— INFORMATION GIVEN —
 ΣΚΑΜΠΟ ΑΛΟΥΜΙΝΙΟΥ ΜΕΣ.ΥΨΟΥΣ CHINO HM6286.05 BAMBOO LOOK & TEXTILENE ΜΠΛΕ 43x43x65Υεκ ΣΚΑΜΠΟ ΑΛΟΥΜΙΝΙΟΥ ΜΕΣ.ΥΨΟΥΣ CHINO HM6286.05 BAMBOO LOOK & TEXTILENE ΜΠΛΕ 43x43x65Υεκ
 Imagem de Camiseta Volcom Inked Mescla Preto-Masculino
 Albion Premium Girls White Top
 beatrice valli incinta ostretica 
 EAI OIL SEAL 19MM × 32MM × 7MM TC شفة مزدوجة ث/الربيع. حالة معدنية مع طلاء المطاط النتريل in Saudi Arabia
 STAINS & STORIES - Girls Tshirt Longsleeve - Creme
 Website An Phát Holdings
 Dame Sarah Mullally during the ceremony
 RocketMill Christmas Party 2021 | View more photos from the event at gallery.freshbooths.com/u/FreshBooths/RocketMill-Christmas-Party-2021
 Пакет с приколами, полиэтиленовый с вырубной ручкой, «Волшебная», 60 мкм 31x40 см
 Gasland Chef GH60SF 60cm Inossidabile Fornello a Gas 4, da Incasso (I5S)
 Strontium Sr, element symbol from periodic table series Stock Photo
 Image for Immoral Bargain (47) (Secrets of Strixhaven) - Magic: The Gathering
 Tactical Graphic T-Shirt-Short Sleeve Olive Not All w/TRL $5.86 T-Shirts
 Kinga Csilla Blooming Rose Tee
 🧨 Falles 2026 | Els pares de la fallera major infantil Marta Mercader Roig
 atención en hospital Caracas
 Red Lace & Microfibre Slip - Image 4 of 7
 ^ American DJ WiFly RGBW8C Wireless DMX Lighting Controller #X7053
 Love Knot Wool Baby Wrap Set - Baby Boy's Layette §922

— WHAT YOU ARE ASKED TO DO —
Your answer should be every line above that contains the word "Girls".

— ANSWER FOR THE TASK —
 Albion Premium Girls White Top
 STAINS & STORIES - Girls Tshirt Longsleeve - Creme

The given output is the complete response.